A partir de la pensée et de l’esthétique de la Chine

17135257_europa-cina-secondo-francois-jullien-8François JULLIEN, Livre de Poche, 1991

La Fadeur est la valeur neutre le point de départ de tous les possibles et les fait communiquer. Son mérite ? Ne pas être arrêtée par une détermination quelconque. La Fadeur peut donc se transformer sans fin. Cet idéal est commun aux Arts de la musique chinoise, de la peinture chinoise  et de la poésie chinoise.

« Si tout le monde est à même de distinguer les différentes

saveurs, l’Insipide du Centre (TAO)

est ce qu’il y a de plus difficile à apprécier.

                                                                                 Mais elle s’apprécie sans fin. »

  •  Pensée chinoise. Les différentes saveurs s’opposent les unes aux autres, restent contenues dans la plénitude, les manifestations restent bloquées, partiales, trop voyantes.
  • La Fadeur exprime la capacité inhérente au Centre, à la discrétion, à la transformation ; elle appelle au détachement intérieur.
  • La Fadeur conduit à la limite du sensible, pour nous faire éprouver un « au-delà » vers la jouissance. Point de paradoxe à faire l’éloge de la Fadeur, la culture chinoise reconnaît la Fadeur comme une qualité, plus encore, comme la qualité du Centre, de la base. Si nous pensons paradoxe, c’est avec nos automatismes culturels, notre conditionnement idéologique.
  • Quand nous pouvons aborder la Fadeur comme une valeur positive, possible, alors nous serons entrés en Chine, dans ce que la culture chinoise possède de meilleur, non pas de voyant, mais de plus simple, de plus essentiel.
  • Selon les Taoïstes de l’Antiquité, c’est le fondement même de la réalité qui se manifeste à nous de façon « Fade » et « sans saveur ».
  •  « La musique et la bonne chère font s’arrêter le passant.

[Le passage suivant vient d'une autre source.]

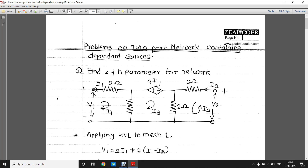Hello everyone, I am Professor Chaitanya Deshpande. In my previous video lecture we have seen how to solve problems based on two-port networks. In this video lecture we will see problems on two-port networks which consist of dependent sources. We all know the basics of networks — there are two types of sources: independent and dependent sources.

Quand il passe par la bouche Le Tao est fade et sans saveur Il ne peut être aperçu Il ne peut être entendu mais il est inépuisable. »

Lao tse.

  • Toute saveur est décevante, en même temps qu’elle incite le passant à s’arrêter. Elle l’appâte sans le combler, son excitation est immédiate et momentanée, s’épuise à peine consommée, stimulation superficielle. Quand aucune saveur n’est prononcée, la valeur de « savouration » est d’autant plus intense qu’elle ne peut être assignée, déborde de sa contingence, s’ouvre à la transformation.
  • Le Sage savoure la non-saveur, il agit le non-agir, car la sagesse est de percevoir que les opposés ne cessent de se conditionner l’un et l’autre, de communiquer entre eux.
  •  La saveur nous attache, nous accapare, nous obnubile, nous asservit.
  • La Fadeur nous détache, nous affranchit de la pression du dehors, de l’excitation des sensations, de tout intensité factice et éphémère, nous invite à la quiétude, la sérénité.
  • « Comment gouverner les Hommes ? » « Laisse évoluer ton cœur dans la « fadeur-détachement », unis ton souffle vital à l’indifférenciation générale. Si tu épouses le mouvement spontané des choses, sans te permettre de préférence individuelle, le monde entier sera en paix. »
  •  Apologue taoïste. Seule la préférence est source de trouble, seule la faveur est fautive.
  •  La Fadeur et le détachement intérieur permet au gouvernement de renoncer à toute ingérence, de préserver l’immanence régulatrice et faire régner la paix. Le vide, la tranquillité, l’indifférenciation, l’insensibilité, le non-agir, la fadeur, le détachement caractérise le fondement de la réalité et sert d’assiette à toute existence. C’est la voie du libre épanouissement, de ce qui spontanément advient.
  • La Fadeur est la saveur de la sagesse car elle est la saveur de base, celle de la racine des choses, la plus authentique.
  •  L’idéal confucéen repose sur la perception du caractère fondamentalement NEUTRE de toute nature, d’où découle cette constante fadeur qui est la marque du sage.
  •  « Le TAO de l’homme de bien est Fade mais ne lasse pas,

 il est simple et néanmoins orné, plat mais non sans harmonie » (Livre des Odes)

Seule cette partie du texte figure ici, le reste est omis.